Talvez por castigo do céu e das heresias que vem pensando, o viajante, no trânsito que faz para o Museu Machado de Castro, apanha a primeira pancada de água. O que lhe vale é ser perto. Entra, sacudindo-se, responde ao compreensivo sorriso dos empregados, que ficam muito contentes por ver o viajante. Não que o conheçam, mas são pessoas que gostam de mostrar as preciosidades que guardam, e o viajante, enquanto a visita durar, será o único visitante. É certo que estamos em Janeiro, que ainda vem longe o tempo do grande leva-e-traz turístico, mas faz pena ver guias que não têm que guiar e peças de arte sem olhos que as tornem preciosas. O viajante decide ser egoísta: “Melhor para mim, mais regalado vejo.” Regalado viu, em verdade. O Museu Machado de Castro tem a mais rica coleção de estatuária medieval que em Portugal existe, pelo menos do que à vista do público se encontra. De tal maneira que as imagens, pela proximidade a que as obriga a relativa exiguidade das instalações do museu, acabam por perder individualização e formam uma espécie de imensa galeria de personagens cujas feições se esbatem. Há exagero aqui, claro está, mas o viajante quereria ver cada uma destas peças isolada, com espaço livre ao redor, sem que os olhos, observando um anjo, estivessem já a ser captados por um santo. São pontos de minúcia que só chama à conversa porque está perante um tesouro de incalculável valor artístico. (…) Este Cristo jazente do século XV, misteriosamente sorrindo, como quem está seguro de que ressurgirá dos mortos. O viajante não vai pôr-se a discutir tais ressurreições, prefere ver na figura inerte a imagem dos homens caídos que se levantam, e sorriem da certeza de que se levantarão, ou outros mais tarde, se eles já não puderem.

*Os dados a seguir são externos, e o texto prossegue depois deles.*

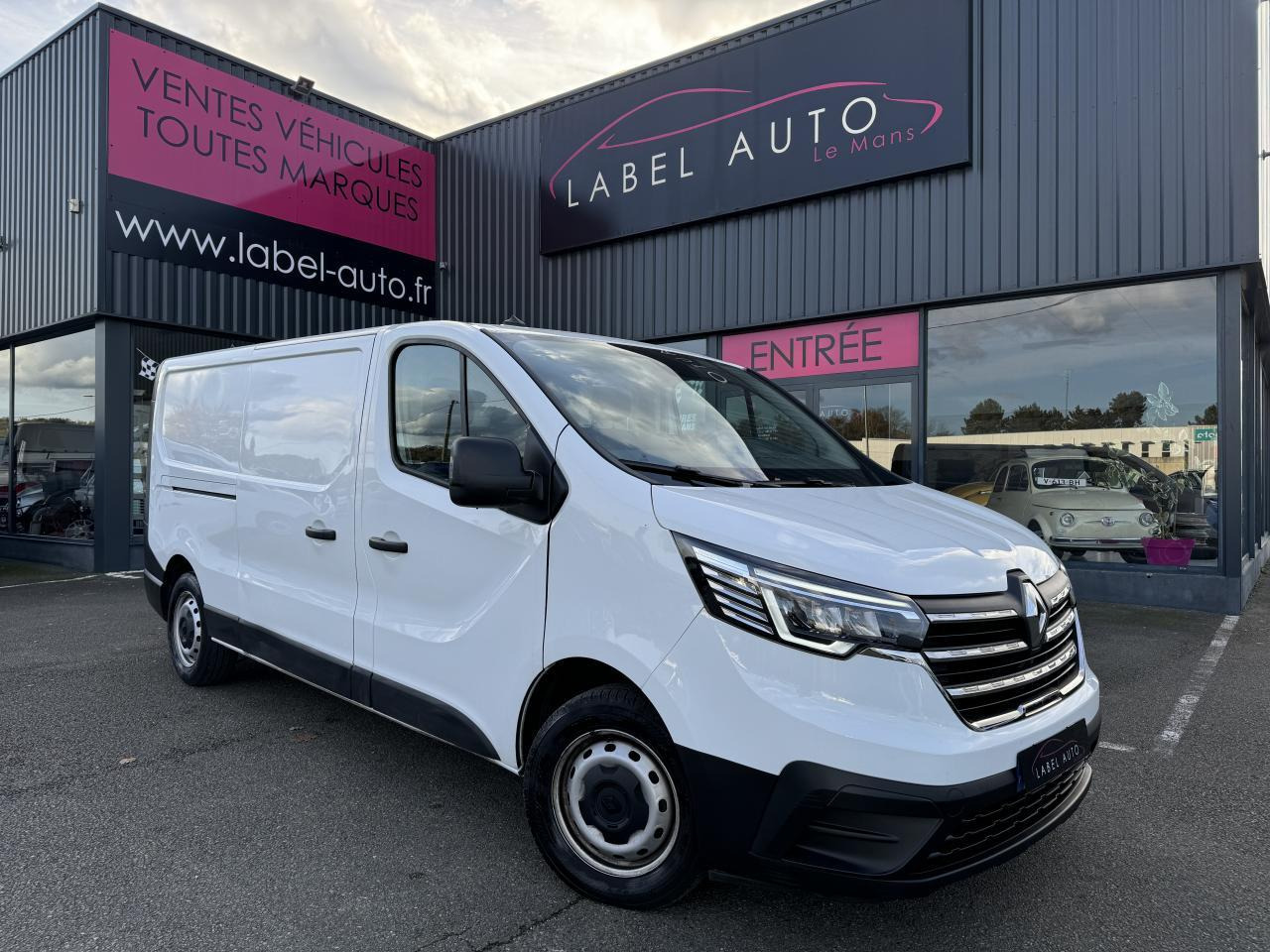 Renault Trafic L2H1 3000 Kg 2.0 Blue dCi - 130 III FOURGON Fourgon Grand Confort L2H1 PHASE 3 - Gesloten bestelwagen: afbeelding 1 Renault Trafic L2H1 3000 Kg 2.0 Blue dCi - 130 III FOURGON Fourgon Grand Confort L2H1 PHASE 3 - Gesloten bestelwagen: afbeelding 1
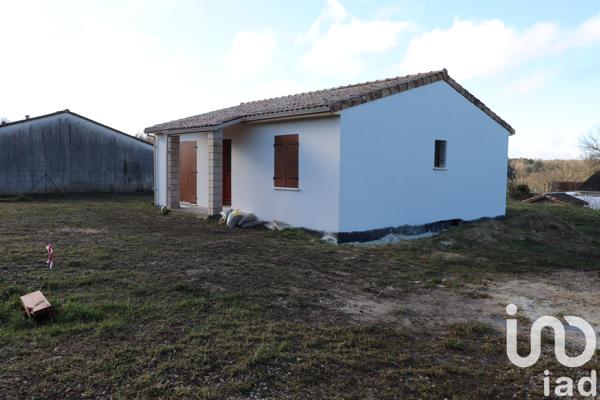 Maison à vendre 1 pièce 75 m² Montguyon
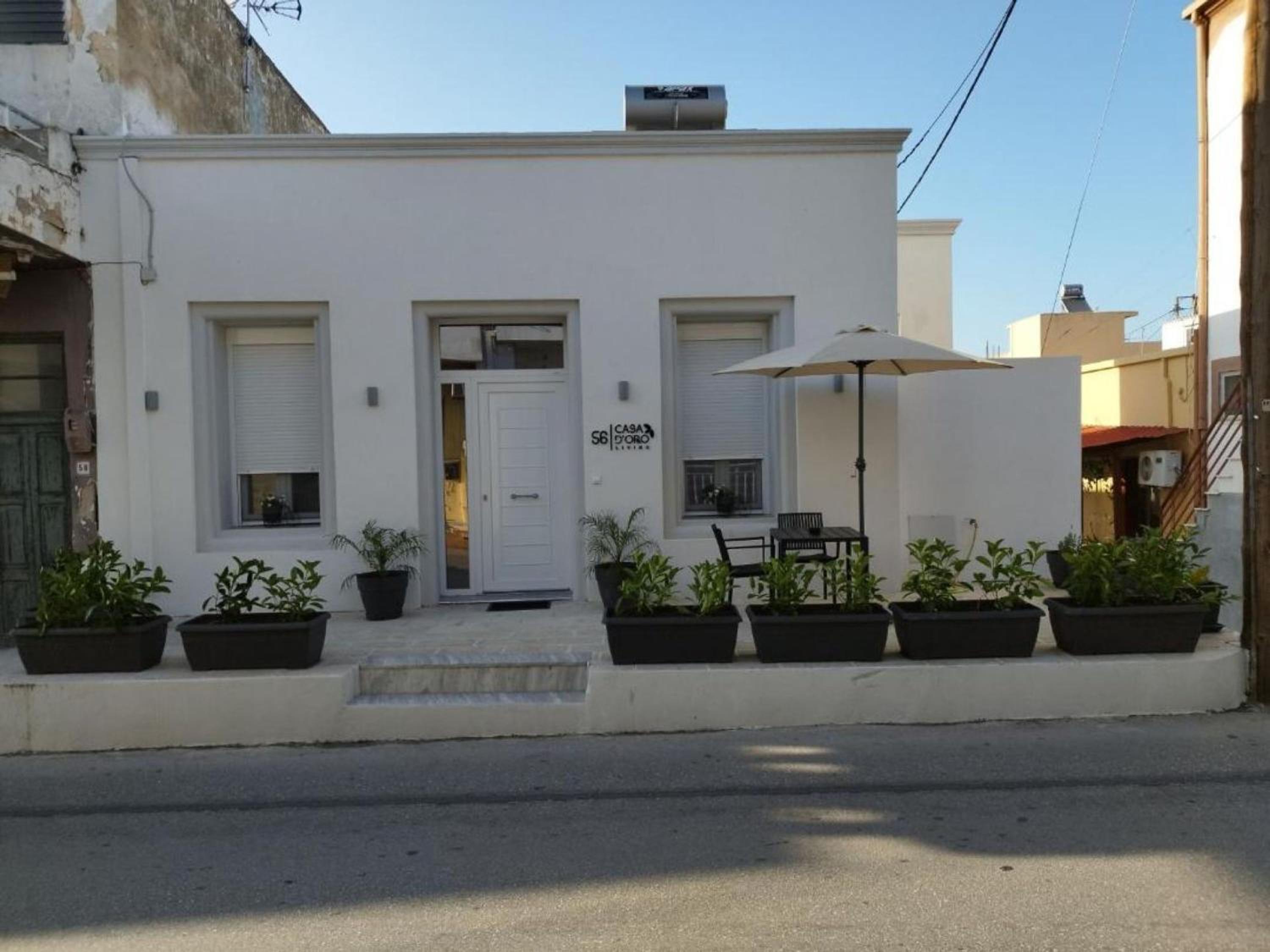 One-Bedroom House - Photo 11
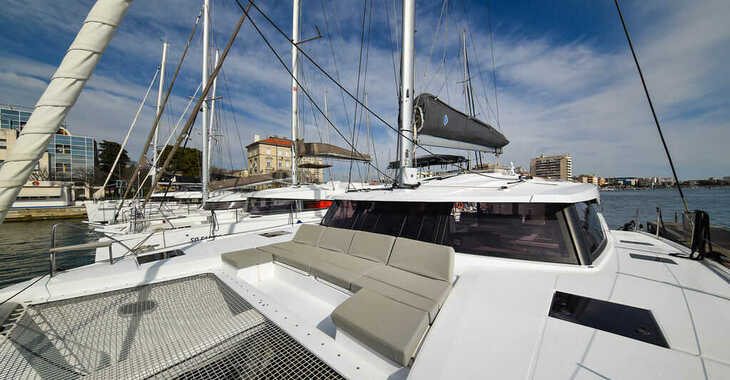 Chartern Sie katamaran in Zadar Marina - Astréa 42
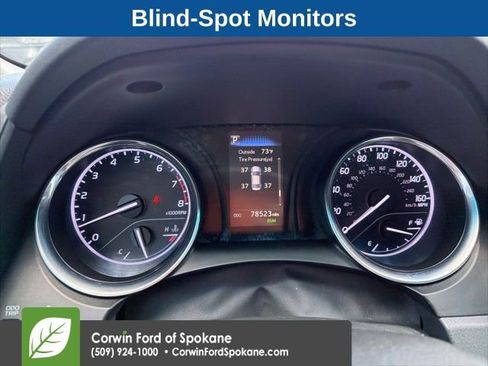 Used 2018 Toyota Camry SE w/ Moonroof Package FWD image 3
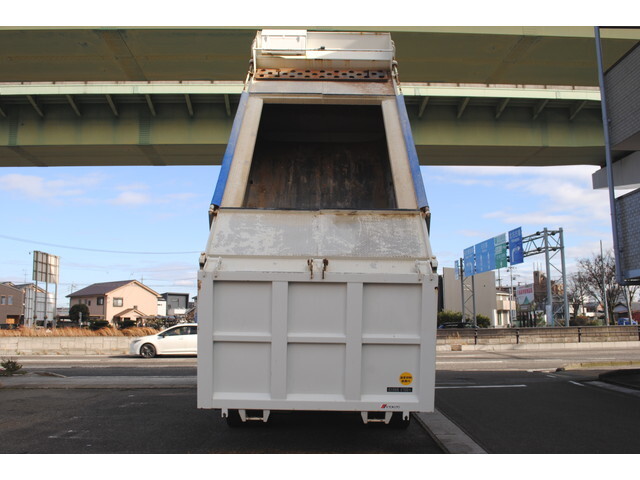 三菱ふそうスーパーグレート深ダンプ（土砂禁ダンプ）大型（10t）[写真13]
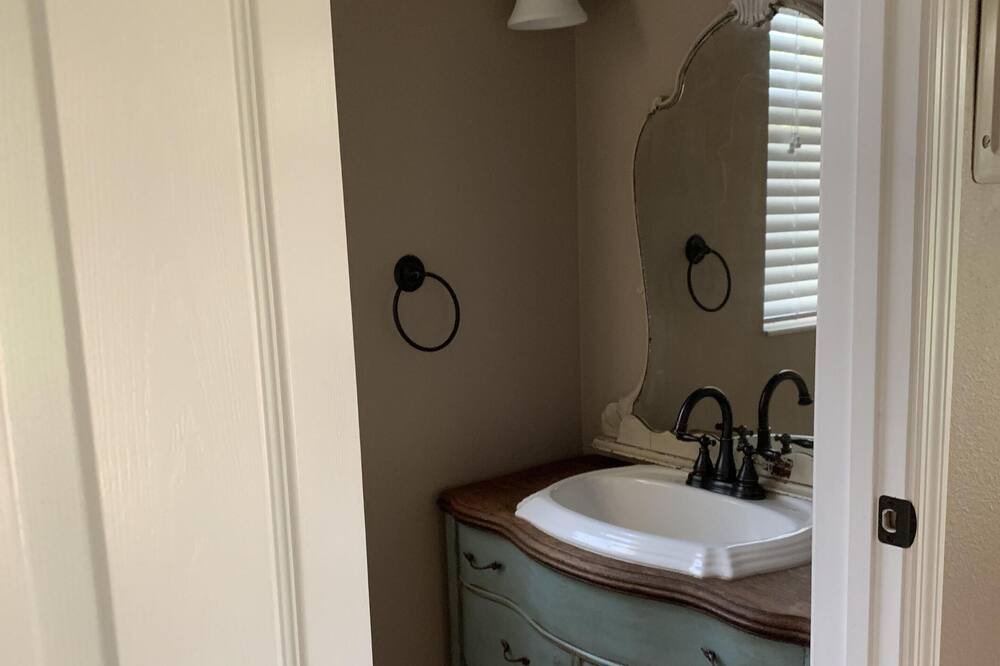 Photo of Bathroom in Glenwood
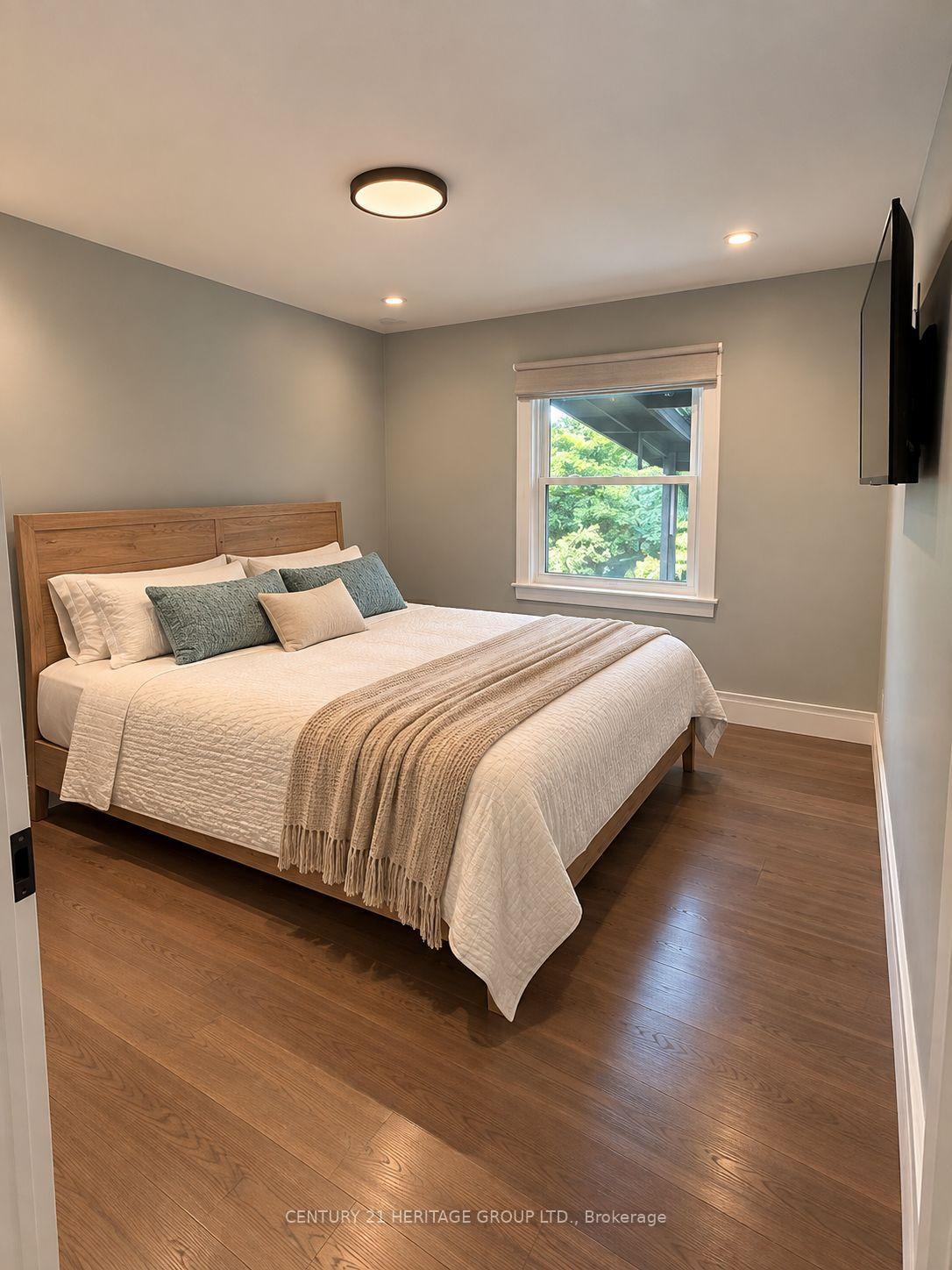 Photo 9 of 93 Ellington Drive, Scarborough, Wexford-Maryvale — HOMEH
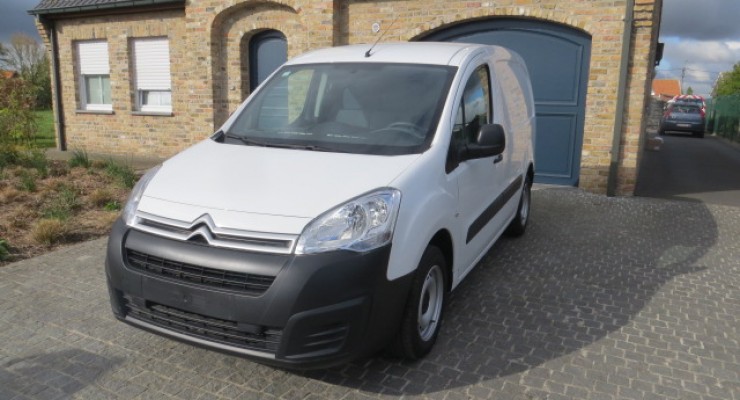 OPTIE OP DEZE WAGEN Berlingo 1.6 hdi 90 pk 07/2016 met 24000 km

O viajante mete-se à chuva. Vai ver a Casa do Navio, e depois torna à Alta, não pode vir a Coimbra sem ver a Casa de Sub-Ripas, tão carcomida, coitada dela e de nós, e a Torre de Anto, onde viveu António Nobre, que há-de ter sido o último castelão de vocação verdadeira. Se lá mora hoje alguém, o viajante não sabe. Podia ter averiguado, mas nem tudo lembra. Além disso, com toda esta chuva, é o único ser vivo que desafia as cascatas que vêm lá de cima. Torna abaixo, entra no Jardim da Manga, que parece um charco, e vai apreciar o templete, tão parecido com o da Igreja da Tocha.
Neste deambular se faz tarde, o viajante deita contas se há-de ir a Santa Clara, e, embora sobre o Mondego estejam desabando cordas de água, aí vai. Lá para baixo é o Choupal, aonde não irá: sente-se anfíbio, mas ainda tem certa dificuldade em se servir das guelras.
Santa Clara-a-Velha vê-se muito bem à distância, mas depois, dá-se a volta, segue-se ao longo de uns prédios, e o mosteiro desparece. Enfim torna a aparecer, é uma construção arruinada, melhor ainda, uma ruína total, confrange-se o coração de ver tal abandono sob a grande chuva que continua a cair. Há aqui uma escada de ferro, é legítimo subi-la, ao menos para procurar abrigo, e quando lá está dentro pode fechar o guarda-chuva, dar as boas-tardes ao guarda, que é surdo e responde pelo mexer dos lábios ou se lhe gritam alto, e estando isto esclarecido, olha enfim os grandes arcos, as abóbadas, e também o céu através dos rasgões das paredes. Santa Clara-a-Velha foi convento feminino, e, realmente, há nesta melancólica igreja uma atmosfera particular de gineceu, ou diz o viajante porque já o sabia.